The average stay for someone recovering from alcohol or drug addiction would be 30 to 60 days and the cost for a 30-day stay at the 120-acre campus would be $30,000, according to a FAQ section on the village of Campton Hills website.

During public meetings in August and September, Kiva officials have portrayed the center as a voluntary, high-end treatment facility for professionals recovering from addictions to alcohol and drugs.

Patrick Griffin, an attorney representing the team proposing the Kiva Center, acknowledged this week that the facility is for substance abuse, so it could house recovering heroin and methamphetamine addicts.

But he noted that all clients taken to Kiva will have already gone through detox somewhere else.

“By the time people come to the facility, they’re medically stable.
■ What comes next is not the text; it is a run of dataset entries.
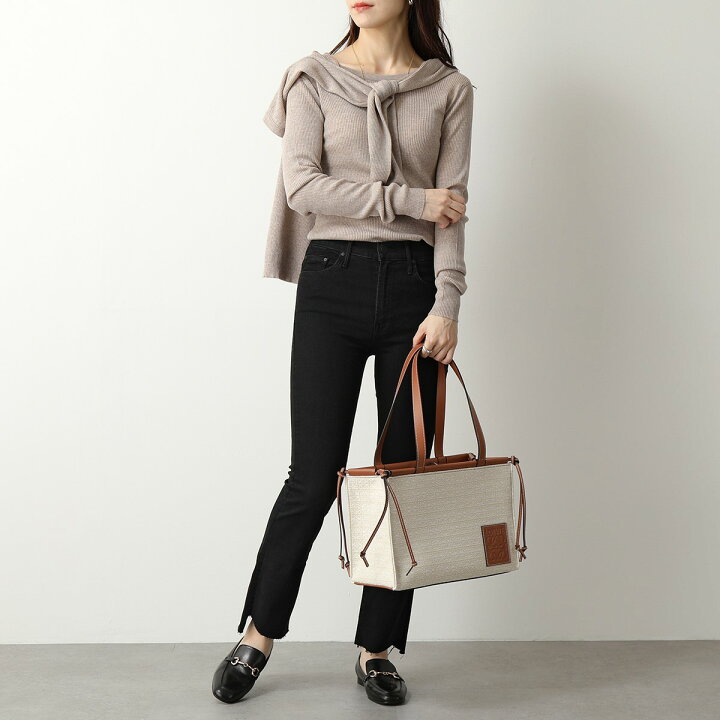 楽天市場】LOEWE ロエベ A612A93X25 CUSHION TOTE ANAGRAM SMALL 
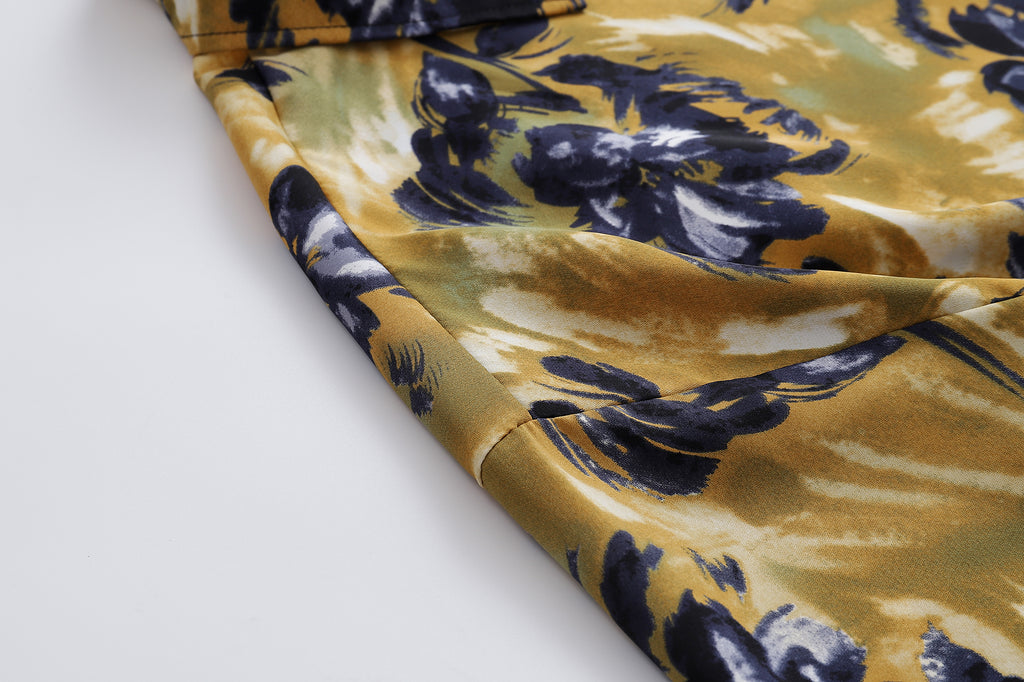 Floral Print Shirt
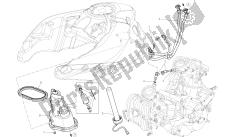 tekening 32a - brandstofpomp [mod: ms1200pp; xst: aus, eur, fra, jap] groepsframe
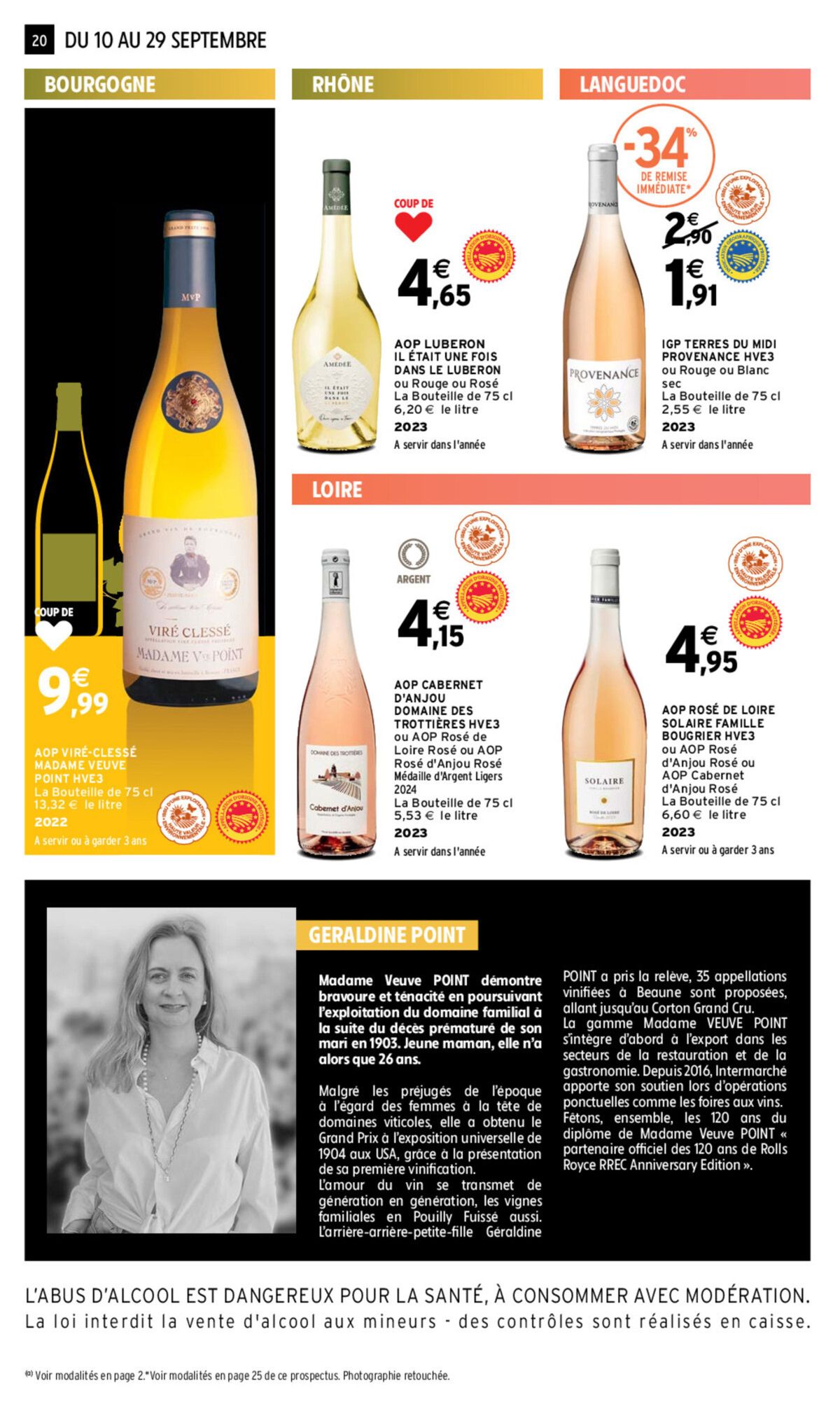 Catalogue EVEN FOIRE AUX VINS AUTOMNE, page 00011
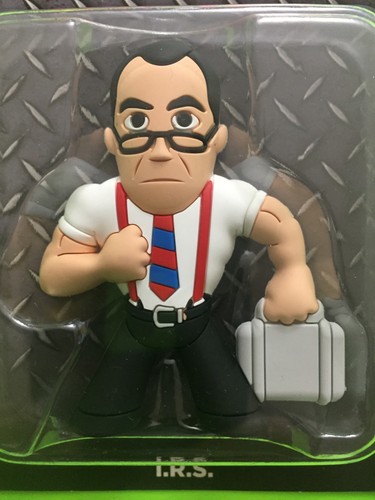 IRS Micro Brawler Pro Wrestling Crate Figura de Lucha Coleccionable WWF WWE - Imagen 3 de 3
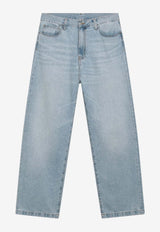 Carhartt Wip Landon Washed Jeans Blue I030468DE/T_CARH-01WU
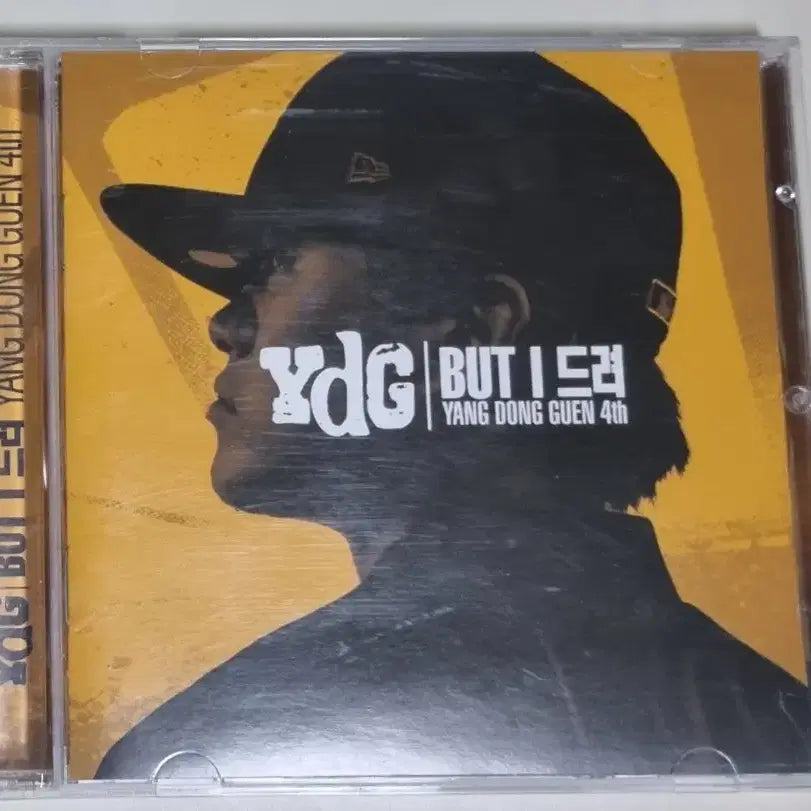 [BUNJANG] YDG 4th Album (Unsealed CD) / 양동근 YDG 4집 (개봉 CD)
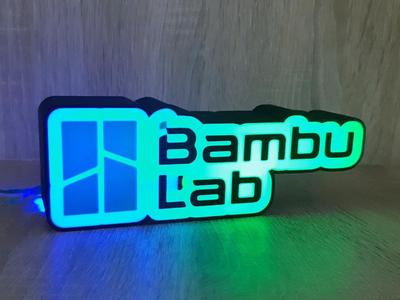 Lightbox Bambu Lab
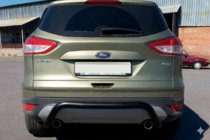Ford Kuga 2008-2013 Arceau Arrière AK007 Noir (Inox) photo 3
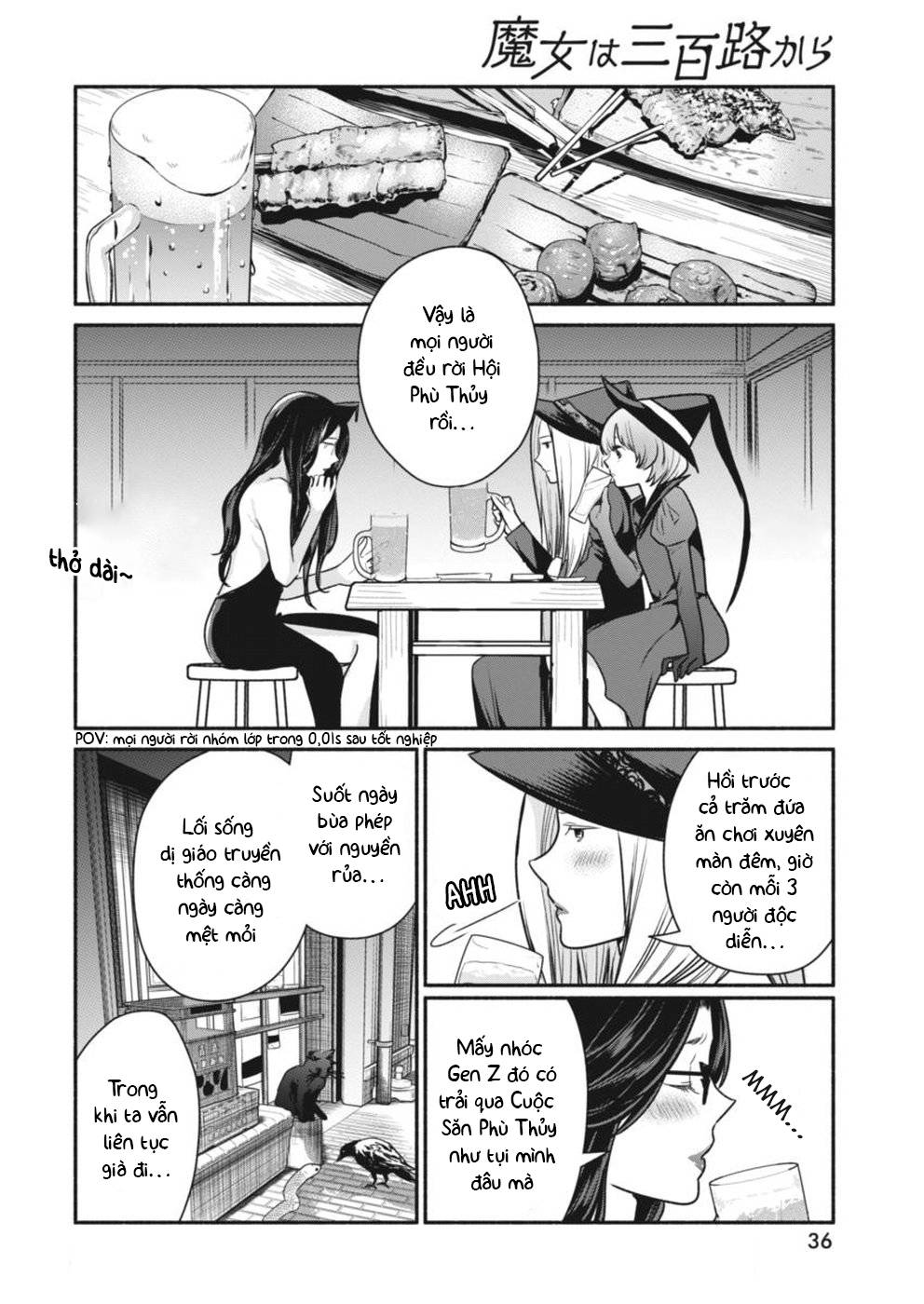 Majo Wa Mioji Kara Chapter 4 - Trang 7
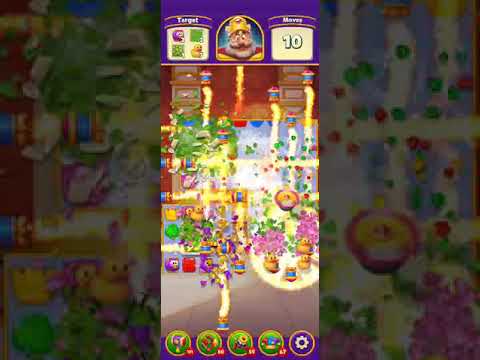 Royal Match Level 3209 No Boosters Series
They’re not going to be going through withdrawal symptoms. What the facility will address is the addict. It’s a complete program,” Griffin said. “The high-end part of this facility is not that the addicts are more deserving. It’s the nature of the treatment.”

Griffin also said the management team has offered to pay a la carte fees for additional fire and ambulance service if demand is high or exceeds projections.

Opponents of the plan say the facility would be treating nearly 1,200 people a year.

Griffin said that if Kiva is approved, the owners hope to treat about 240 people the first year, assuming 30 full beds and 45-day stays.

By the fourth year, they hope to be operating at about 80 percent capacity, which would equate to about 600 people a year.

“When they begin, they’re going to have a smaller number (of patients) and they’re going to increase that number presumably because they have a good project,” Griffin said.